В Житомире, вместо того чтобы по вечерам ухаживать за девушками, я целый год приходил из психбольницы домой и погружался в изучение психиатрических экспертиз генерала Григоренко. Написал предисловие, потом послесловие, оставалось самое главное, но тут я остановился. Посоветоваться было не с кем. Рассчитывал на помощь моего друга Фимы Ваймана, который был аж на год меня старше, но Фима — он по всем своим инстинктам был врач, а не общественный деятель! — испугался. Зачем ему эти ужасы? Хотя он все-таки подсобил мне с главой по дифференциальной диагностике.
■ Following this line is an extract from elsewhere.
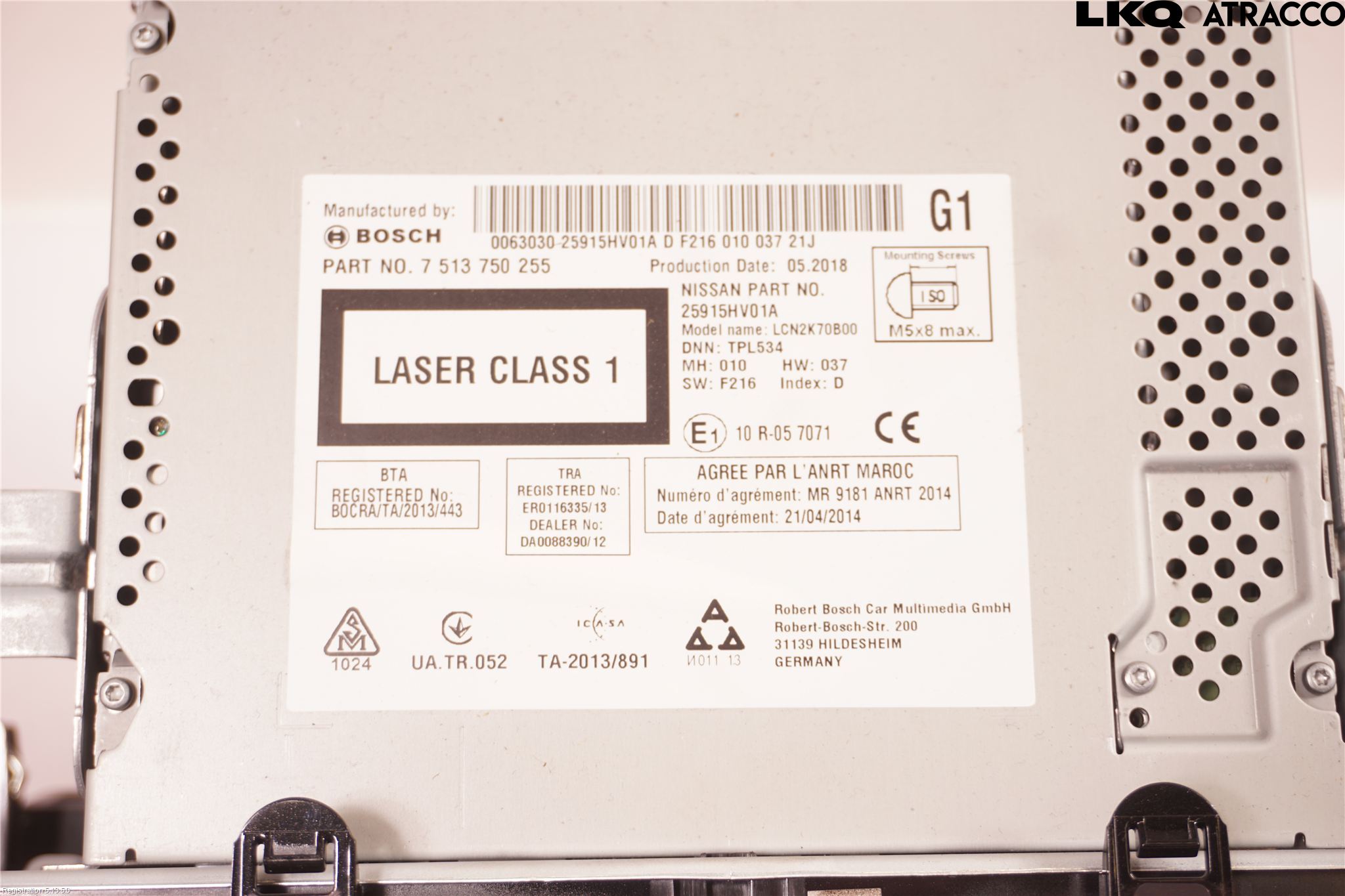 Nissan QASHQAI 17-21 Gps Navigator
Наконец я попросил Виктора Платоновича Некрасова отвезти мой завершенный труд в Москву к Сахарову — в среде горькой диссидентской обреченности авторитетнейший ученый, глава Комитета по правам человека в Москве казался мне единственной надеждой. Андрей Дмитриевич прочитал и сказал: «Очень серьезный документ». Фактически из-за этого отпечатанного на пишущей машинке текста я и был потом арестован.
|
Генерал-майор, участник боев на Халхин-Голе и Великой Отечественной, Петр Григорьевич Григоренко был арестован в феврале 1964 года, после чего доставлен на судебно-психиатрическую экспертизу под председательством профессора Андрея Снежневского, внедрившего в отечественную психиатрию диагноз «вялотекущая шизофрения». Военная коллегия Верховного суда СССР в закрытом режиме и в отсутствие подсудимого рассмотрела дело Григоренко, который был признан душевнобольным, лишен воинских званий и этапирован в Ленинградскую специальную психиатрическую больницу |
Кстати, закон требовал, чтобы экспертное заключение подписывали три человека, поэтому я придумал двух соавторов, работающих в разных психиатрических клиниках страны.
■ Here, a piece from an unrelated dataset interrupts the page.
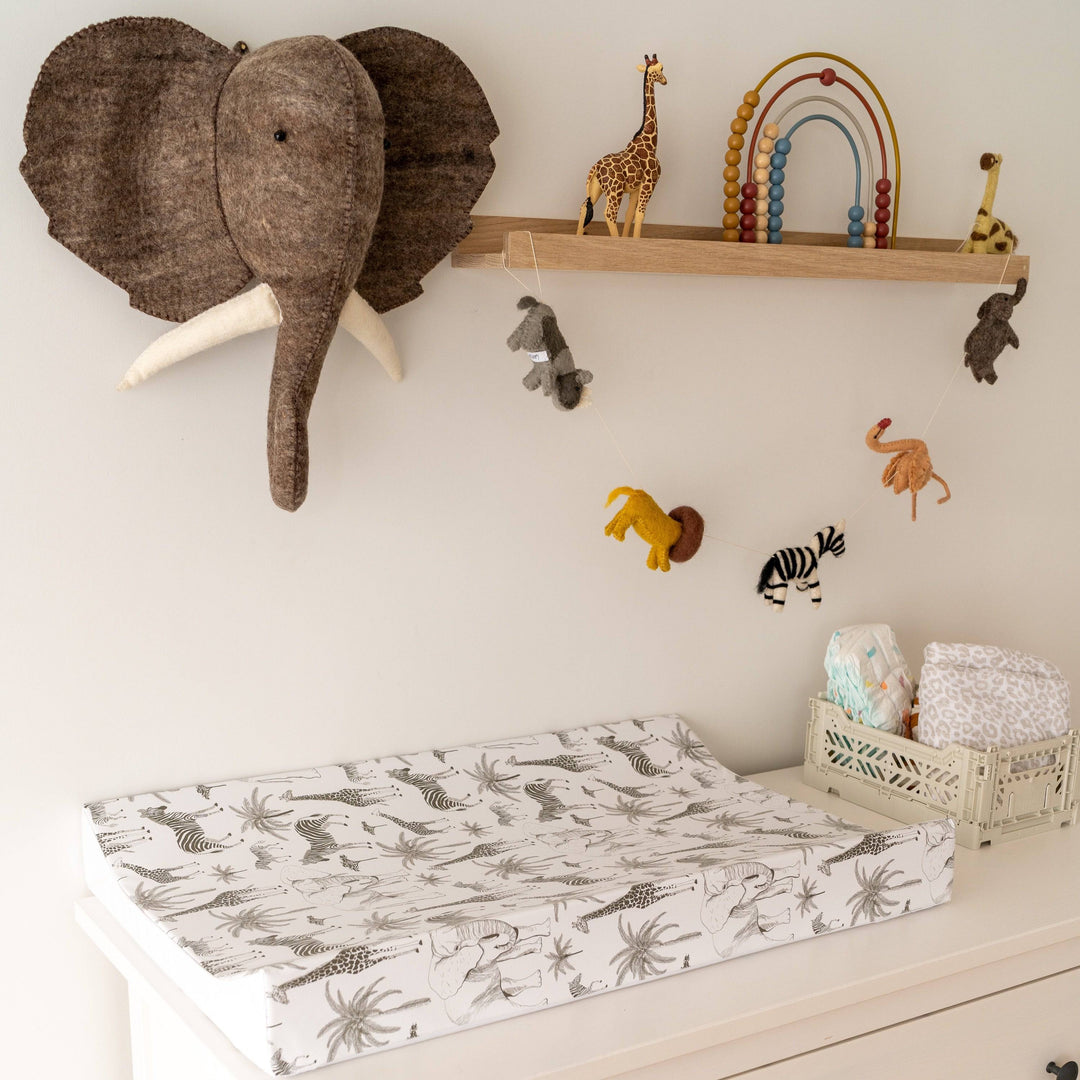 Gamcha - Wall Mount - Elephant - Mabel & Fox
— Представляю, как их потом искали...
— Да, это была проблема — правду чекисты уже не воспринимали...
В ноябре 1971 года в Киев приехали Андрей Дмитриевич Сахаров и Елена Георгиевна Боннэр, остановились в квартире Некрасова в Пассаже. Они собирались попросить меня подписать анонимную экспертизу своей фамилией. Но, увидев меня, 25-летнего, Елена Боннэр всплеснула руками: «Какой молодой! Разве можно сажать этого мальчика?». Документ был опубликован уже после суда надо мной.
— Вы жили с родителями?
— Да, на улице Артема, в квартире, которая много лет была домом и научной лабораторией великого филолога Агафангела Крымского, владевшего почти 60 языками. С папой, пенсионером-профессором, и мамой, которая тогда лежала после инфаркта (старший брат, известный гематолог-онколог, уже обитал отдельно).
— Представляю, что они пережили во время обыска. Искали под ее матрасом?
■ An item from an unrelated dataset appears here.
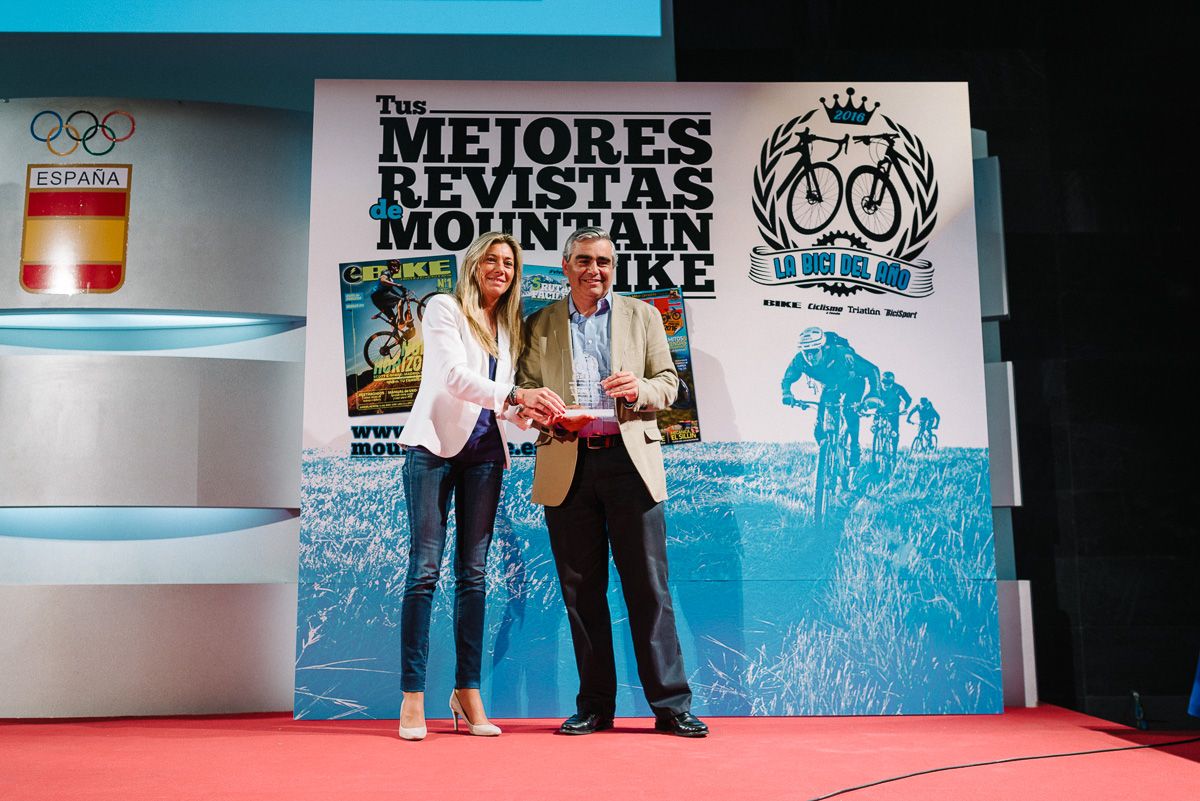 Entrega de premios La Bici del Año 2016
— Маму хотели поднять, но не решились — отец не позволил. Видно, гэбисты побоялись скандала: все-таки родители — уважаемые люди, коммунисты, фронтовики, хоть и «жиды пархатые»... Кстати, под маминой постелью кое-что лежало (это не нужно было прятать, но родители, перепуганные всей своей жизнью, перестраховались). Хотя прицепиться было не к чему, — ничего крамольного не нашли! — меня начали выдергивать в КГБ по косвенным делам....
— Оригинал вашей заочной экспертизы генерала Григоренко в руки особистам так и не попал?
— Нет. Я передал его в два места: близкому другу Некрасова, профессору-физику, и своей знакомой Ольге Корчак-Чепурковской, в свое время познакомившей меня с Виктором Платоновичем. Ольга Николаевна сказала: «Славочка, не волнуйтесь, ничего не найдут» (Славой меня звала мама). Не нашел и я, вернувшись в Киев, спрашивать уже было не у кого...
Жаль, что вместе с теми документами пропала и моя первая серьезная проза. Впрочем, слава Богу, что рассказ не оказался в ГБ, а то у меня была бы другая статья — речь там шла о двойной жизни молодого врача: днем он помогал людям, а однажды ночью взорвал первого секретаря ЦК Компартии Украины Петра Шелеста...
— Неужели за такое могли дать вышку?
— Ну, не расстреляли бы, конечно, но судили бы за террор, измену Родине. Конечно, мне не нравилась советская власть, но я был нормальным человеком: в тюрьму не хотелось — куда приятнее сидеть в библиотеке, ухаживать за девочками, пить сухое вино...
«МОЙ САМЫЙ БЛИЗКИЙ ДРУГ ДАЛ НА МЕНЯ ПОКАЗАНИЯ, А ЧЕРЕЗ ДВА ДНЯ ПОСЛЕ МОЕГО ВОЗВРАЩЕНИЯ ИЗ ССЫЛКИ В КИЕВ, ПОКОНЧИЛ С СОБОЙ»
|
Публицист, переводчик, участник украинского национально- демократического и правозащитного движения Зиновий Антонюк и один из главных политзаключенных советского режима, а ныне доктор философии, президент украинского Пен-клуба Евген Сверстюк |
— Если не ошибаюсь, вас арестовали по дороге на работу?
— В мае 1972-го — я как раз шел на смену на станцию «скорой помощи». Еще удивился, что на месте, где обычно поддежуривали неприметные сотрудники «наружки», стояли другие люди — высокие мэны возле двух «волг».
Меня остановили: мол, нужно подъехать с ними и кое-что уточнить. Потом очень технично, как в кино, усадили на заднее сиденье машины, привезли в областное управление КГБ на Печерске, провели в кабинет, на двери которого был только номер. Плотноватый человек лет 40-ка сказал: «Здравствуйте, я — следователь Чунихин, хочу предъявить вам ордер на арест». Помню, глядя в окно, я подумал, что последний раз в жизни вижу дерево...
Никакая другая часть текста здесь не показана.